- **Data shown**
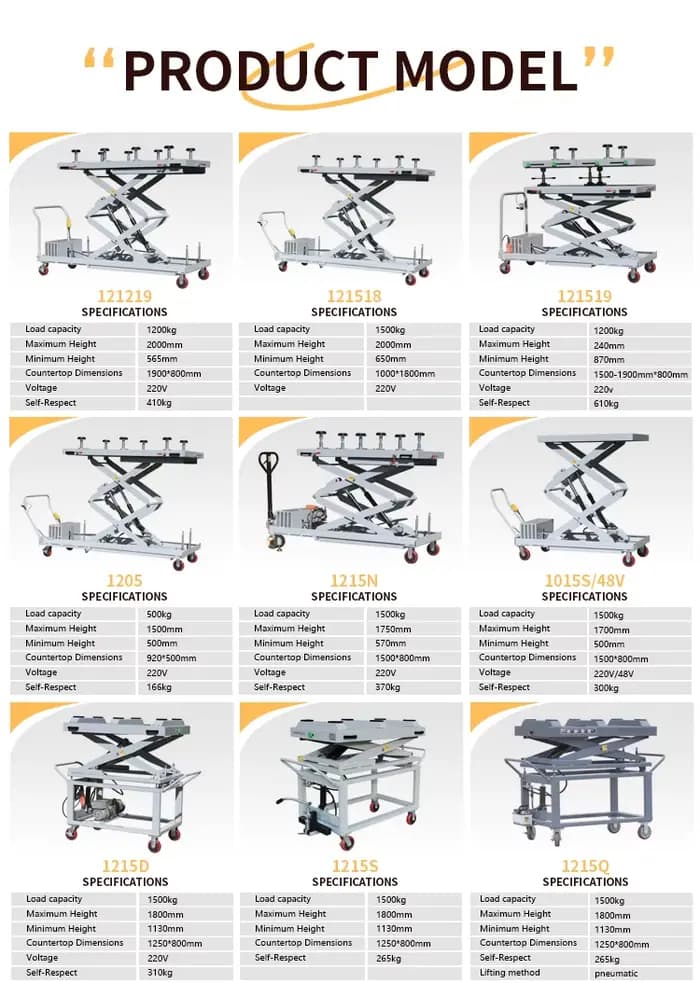 Plateforme élévatrice mobile hydraulique à deux colonnes pour usage domestique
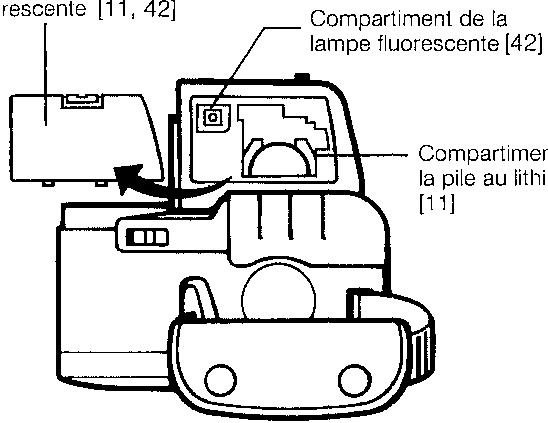 SHARP VL-E40S - Lorsque le moduleamera est tourné - 1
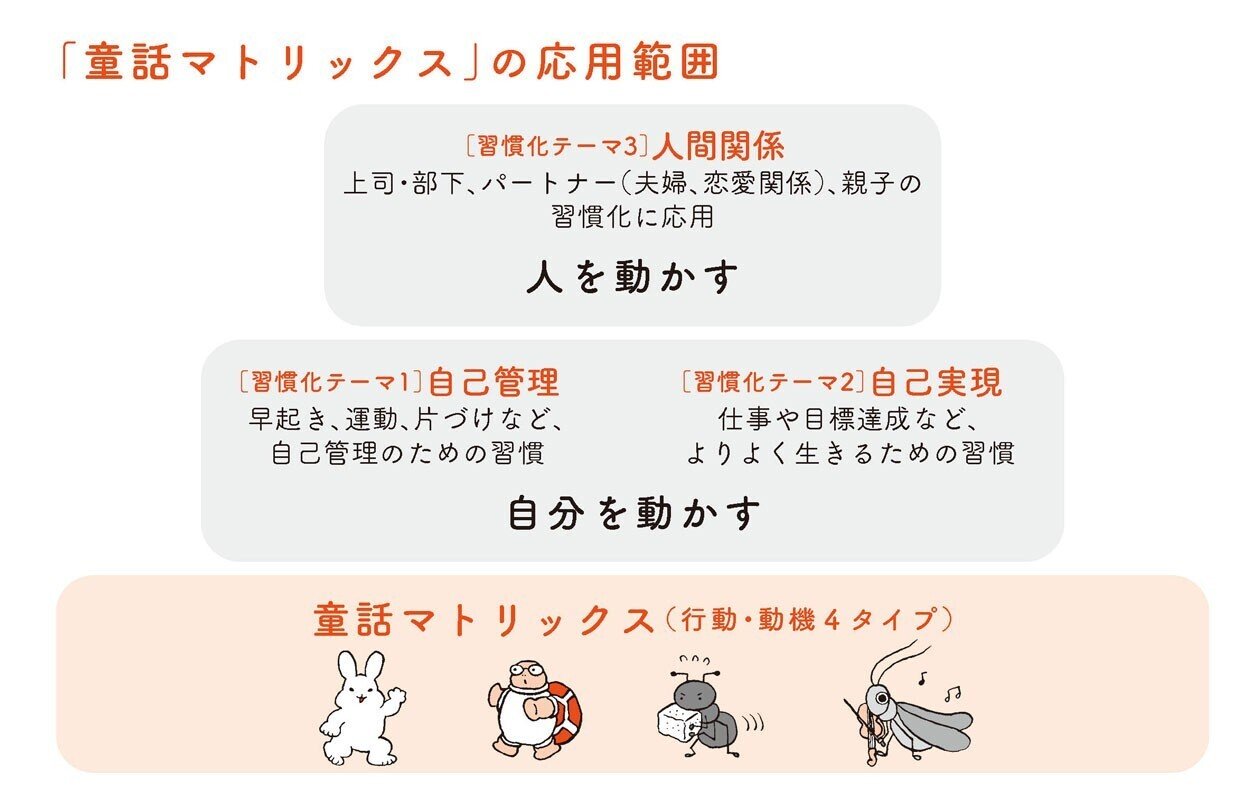 はじめに 公開 性格４タイプ別 習慣術 ディスカヴァー トゥエンティワン Note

- **Activity**
Reproduce the lines above letter for letter. The pictures stay behind.

- **Written solution**
 Plateforme élévatrice mobile hydraulique à deux colonnes pour usage domestique
 SHARP VL-E40S - Lorsque le moduleamera est tourné - 1
 はじめに 公開 性格４タイプ別 習慣術 ディスカヴァー トゥエンティワン Note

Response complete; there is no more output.